From top to bottom, print the listing word for word and skip any pictures it contains.
*** Opening of Dataset extract ***
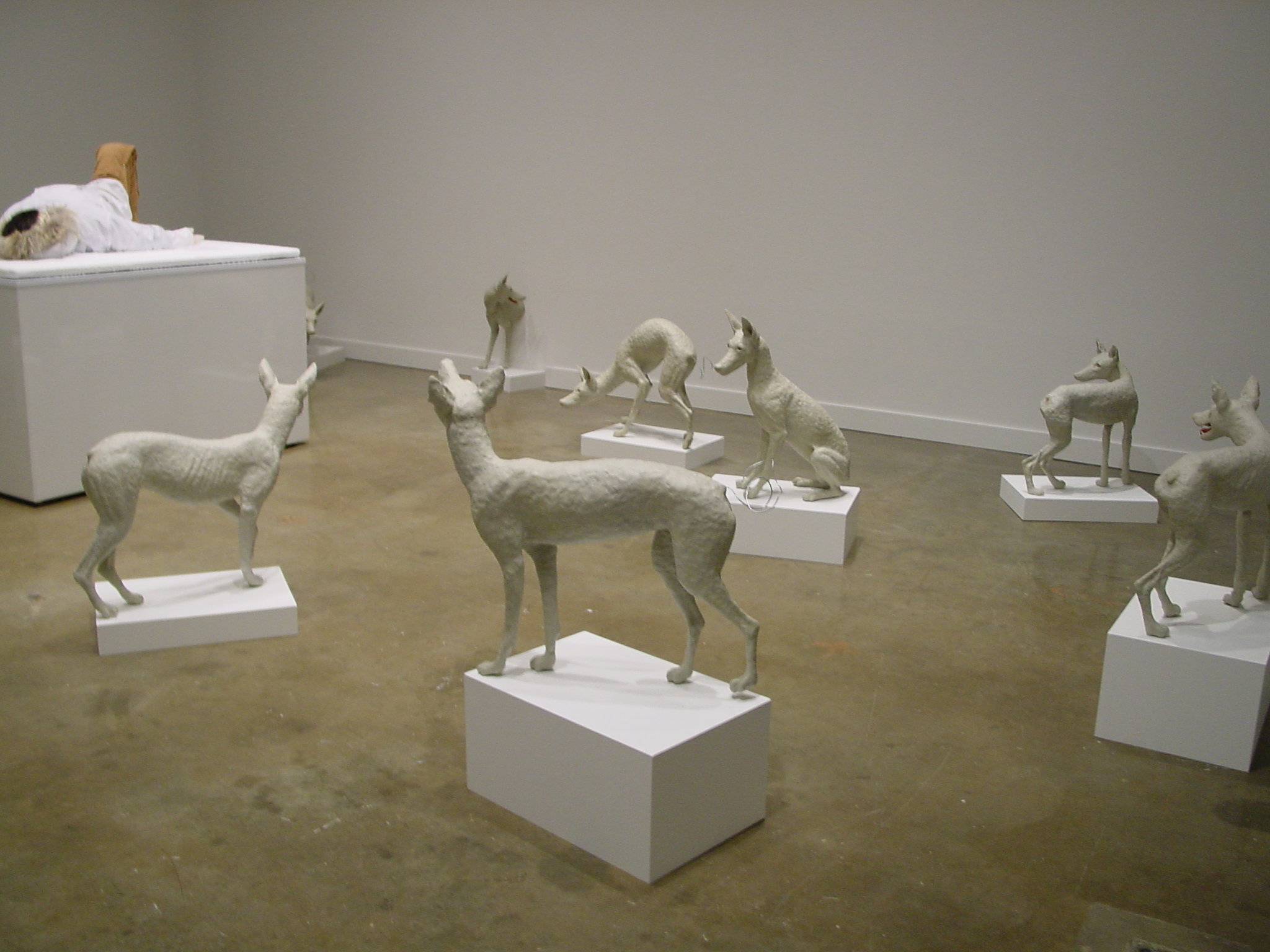 Several sculptures of posed wolves atop white pedestals. In the back right corner, a larger pedestal and sculpture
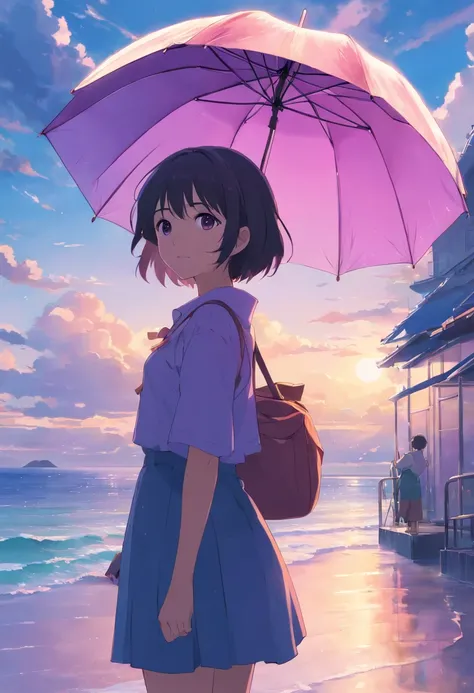 Sky sea holding umbrella girl，Youth Violet Garden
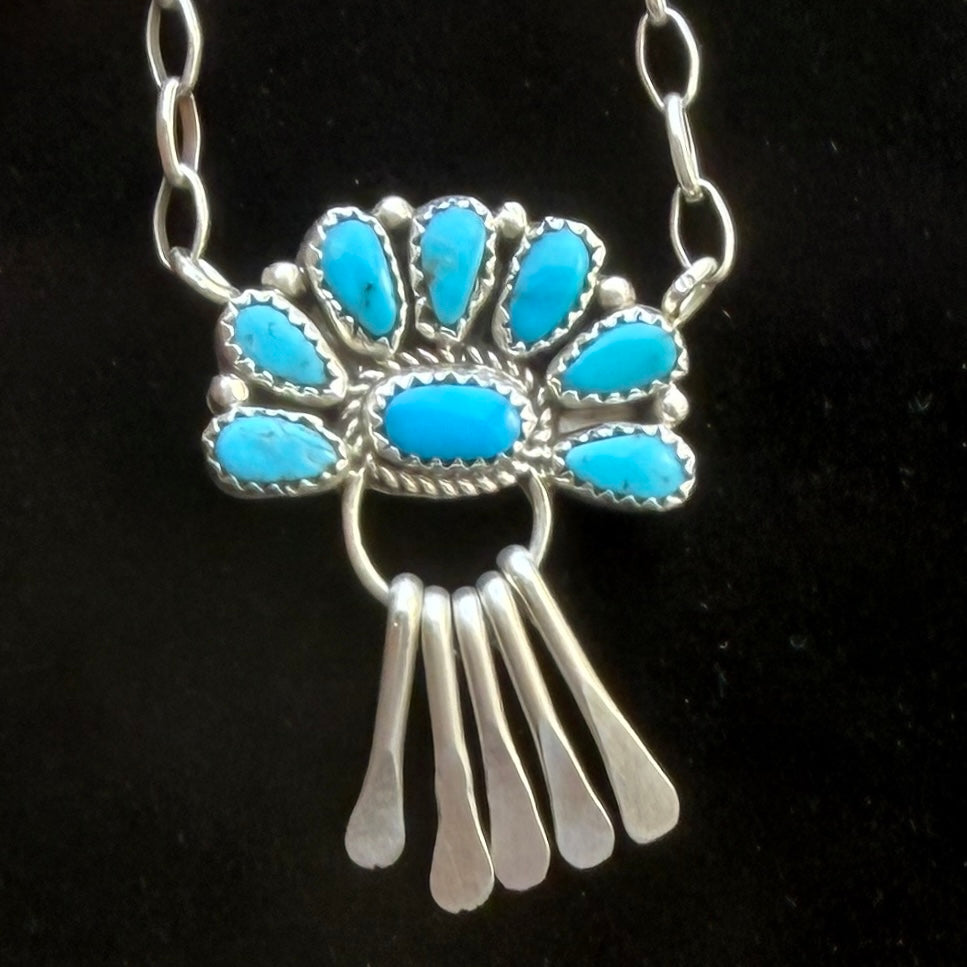 17 1/2" Turquoise Petit  Point Necklace Justina Wilson Sterling silver NK55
*** Close of Dataset extract ***
▶ _Response to the exercise_
 Several sculptures of posed wolves atop white pedestals. In the back right corner, a larger pedestal and sculpture
 Sky sea holding umbrella girl，Youth Violet Garden
 17 1/2" Turquoise Petit  Point Necklace Justina Wilson Sterling silver NK55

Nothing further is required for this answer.